Data shown |
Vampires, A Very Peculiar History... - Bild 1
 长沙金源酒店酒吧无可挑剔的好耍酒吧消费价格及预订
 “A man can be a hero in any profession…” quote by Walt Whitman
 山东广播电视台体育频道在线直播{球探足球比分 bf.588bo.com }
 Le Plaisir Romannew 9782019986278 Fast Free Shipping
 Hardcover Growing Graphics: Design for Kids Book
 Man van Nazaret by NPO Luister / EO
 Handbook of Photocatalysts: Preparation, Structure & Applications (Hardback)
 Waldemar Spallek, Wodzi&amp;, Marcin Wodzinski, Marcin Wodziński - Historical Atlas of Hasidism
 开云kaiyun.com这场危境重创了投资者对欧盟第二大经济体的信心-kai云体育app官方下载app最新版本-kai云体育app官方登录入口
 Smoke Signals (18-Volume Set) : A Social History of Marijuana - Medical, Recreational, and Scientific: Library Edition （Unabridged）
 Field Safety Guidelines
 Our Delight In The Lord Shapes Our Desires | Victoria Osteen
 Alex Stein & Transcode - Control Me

Problem requirements |
Only lines containing the string "History" are needed. Pull each of them out of the records above.

Answer section |
Vampires, A Very Peculiar History... - Bild 1
 Smoke Signals (18-Volume Set) : A Social History of Marijuana - Medical, Recreational, and Scientific: Library Edition （Unabridged）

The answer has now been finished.